The trick with a fake axis is that the data values are subjected to the same transformation as the axis label values, so the data lines up with the axis. The original axis label data is used for the labels themselves.

Excel 2003

We’ll start with this sample data. B2:C9 is the original data. D2:D9 has the base 2 logarithms of C2:C9.

Data for the custom axis labels is in B11:D18. Column B has zeros, for the X position of the axis points. Column C has Y values selected for the Y axis labels. Column D has the base 2 logs of these values, for positioning of the axis labels.

Here’s what the original data in column C looks like The Y position is proportional to the Y value.

This is the transformed Y data in column D. The Y position in the chart is proportional to the logarithm of the Y value.

We can’t leave those Y axis labels there.
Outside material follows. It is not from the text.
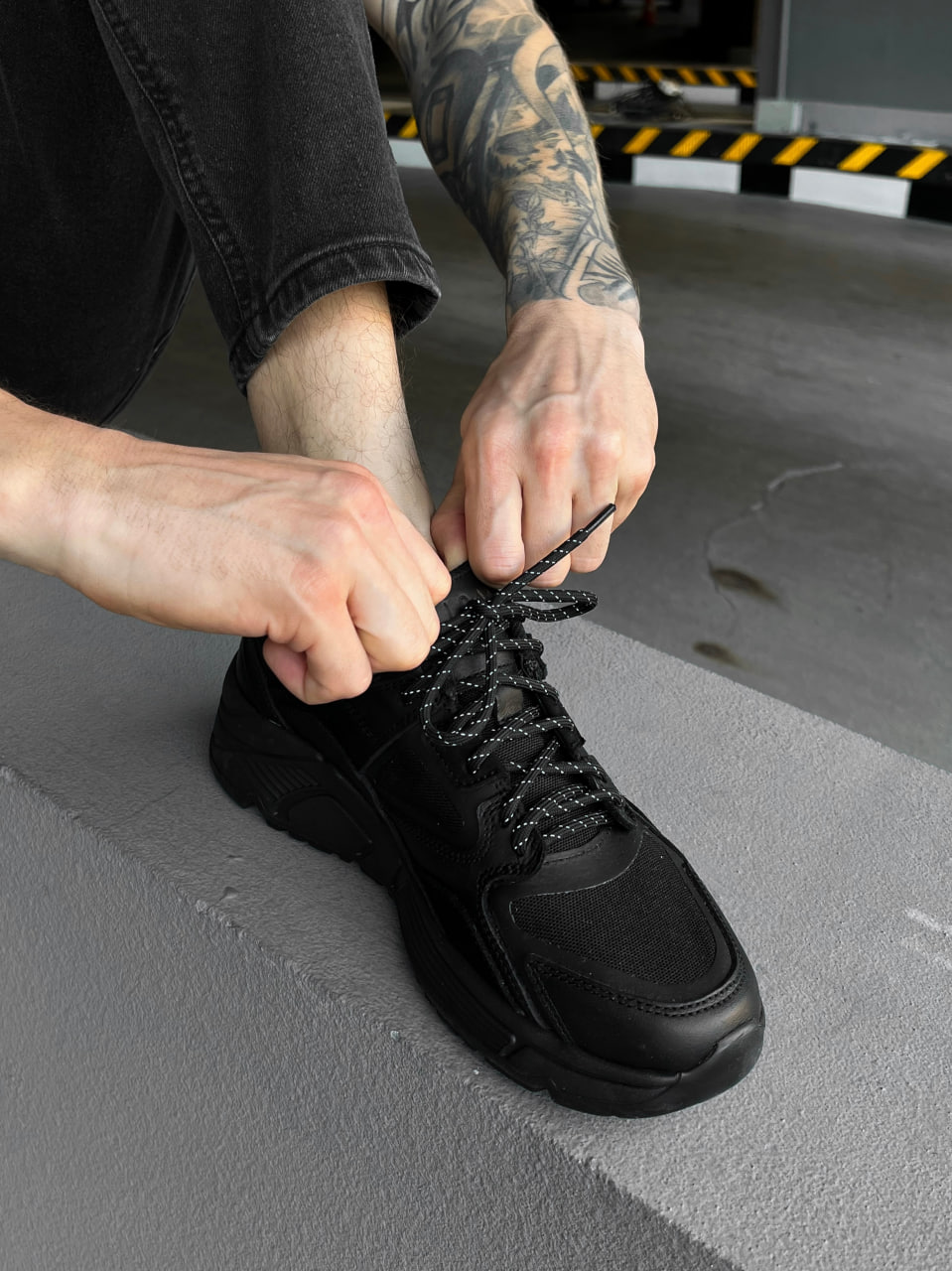 Мужские кроссовки кожаные Ultimate черные (водонепроницаемые) VDLK - Фото 4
People can’t readily convert 0, 1, 2, etc. into 1, 2, 4 in their heads. Most people, anyway. Select B11:B18, hold Ctrl, and select D11:D18, so that both areas are selected. Copy, select the chart, and use Paste Special to add the data as a new series, with categories in the first column and series names in the first row.

Add the labels to the new series. I’ve used Rob Bovey’s Chart Labeler, which is one of the best free Excel utilities on the internet. The range C12:C18 contains the labels, and they’re added to the left of the added data points. I’ve colored the labels to match the points.>

Format the real Y axis to hide the labels, but in this case we can keep the axis line and tick marks. Adjust the width of the plot area to make room for the labels.

Hide the added series by removing lines and markers, and the chart is done.

Excel 2007

Excel 2007 makes the chart much easier, because Microsoft introduced the ability to use a logarithmic axis scale with any base. All we need is the original data. (In general the protocol would be the same for both versions, but the log transformation makes this case different.)

Here’s the data in a default XY chart.

Here’s the data with the default base-10 log axis scale.

Here is the chart with a base 2 log axis scale.

This more flexible log axis is one of the rare examples of Excel 2007 charting actually improving on Excel 2003’s charting.